Whether it be friends or your partner, let them know the things you are comfortable with and those you aren’t. Setting a boundary about your likeness can help you boost your self-esteem. If you don’t set these boundaries, you are potentially damaging your self-worth by allowing people to do things that hurt you. This also makes you feel like you don’t have the basic right or dignity to assert your preferences. Before someone starts treating you however they like, make them understand the fine line between what’s right and what’s wrong.
9. Do not keep your thoughts and feelings to yourself in a relationship.

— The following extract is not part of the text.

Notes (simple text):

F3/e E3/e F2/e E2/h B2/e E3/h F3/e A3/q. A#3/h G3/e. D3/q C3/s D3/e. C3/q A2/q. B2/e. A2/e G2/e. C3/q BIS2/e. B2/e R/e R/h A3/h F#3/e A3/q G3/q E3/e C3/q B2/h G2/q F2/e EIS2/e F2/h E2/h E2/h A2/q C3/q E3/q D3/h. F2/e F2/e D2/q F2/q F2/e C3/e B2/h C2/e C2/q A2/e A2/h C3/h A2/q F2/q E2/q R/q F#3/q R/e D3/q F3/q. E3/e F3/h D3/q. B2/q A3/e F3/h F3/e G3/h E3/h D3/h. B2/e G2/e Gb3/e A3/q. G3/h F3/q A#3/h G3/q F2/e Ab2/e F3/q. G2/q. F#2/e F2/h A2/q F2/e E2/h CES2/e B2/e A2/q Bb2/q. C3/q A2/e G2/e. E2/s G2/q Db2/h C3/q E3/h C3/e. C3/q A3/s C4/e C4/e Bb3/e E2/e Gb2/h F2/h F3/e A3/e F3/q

Communication is one of the most important things in a relationship. If something bothers you, let your partner know. By bottling up your thoughts and feelings, you are telling yourself that you don’t matter. This also makes things worse since anything that your partner does can make you feel like you are being ignored. So, go ahead and speak your mind around your partner or family members. Although it’s bound to be uncomfortable at first, the relief of expressing your emotions and clearing things up can help boost your self-esteem.
10. Spending too much time on social-media.
With numerous ways to connect with your friends, family and co-workers, we all have the habit of spending way too much time on them than we should. If you wake up in the morning and feel like you are missing out, then that’s when you know you have a problem. Although platforms like Instagram, Twitter and others can help you know what’s going on with everyone’s life, it can significantly lower your self-esteem.
This relates to a larger pattern of comparison of self to others, which can be very detrimental; making us feel as if we are not good enough or not doing well in life as our peers. If you find yourself in this situation, take a break. Cut off electronics, take a walk, spend time with your friends or family members to talk things through.